I wish there was more people like you! Shop opened at 10am today and there was people queuing outside from 9.45am!


----------



## simonthepieman (Jun 11, 2012)

I work in sales for an extremely successful high growth niche it company.

Pays well, cool perks, good life style but can be chaotic with so much change and expectations are high.


----------



## SelflessSelfie (May 25, 2014)

Business Performance ANALyst.

I get, display and ANALyse data.


----------



## the.indian.guy (Mar 2, 2015)

scot-ish said:


> you know many brits? Ryan Bowes? I'm with Shell Upstream, Oil and Gas, but we've recently started involving STATSCO in our operations. prior to that i was Merchant.
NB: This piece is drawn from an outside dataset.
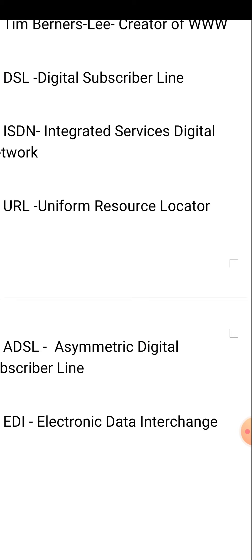You all have to learn these abbreviations. Sometimes I will ask you questions in the live class section, so be ready with the answers. Thank you.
i know some brits.My chief and captain were both brits on last vessel.They were awesome people to work with.

anyways..it seems like you are kind of my boss sitting in office . LoLZ

hey boss....whats up??


----------



## MBR (Feb 28, 2014)

Approved Mental Health Professional


----------



## Best.username (Mar 23, 2015)

Im a proffesional actor. Basically I pretend to have a severe disability, and get paid for.my fantastic acting skills from your taxes...cheers UKM I knew there was a reason a loved you all!


----------



## Mildo (Feb 11, 2015)

MBR said:


> Approved Mental Health Professional


Ride Hamsterley much? Glentress, Innerleithen?


----------



## MBR (Feb 28, 2014)

Mildo said:


> Ride Hamsterley much? Glentress, Innerleithen?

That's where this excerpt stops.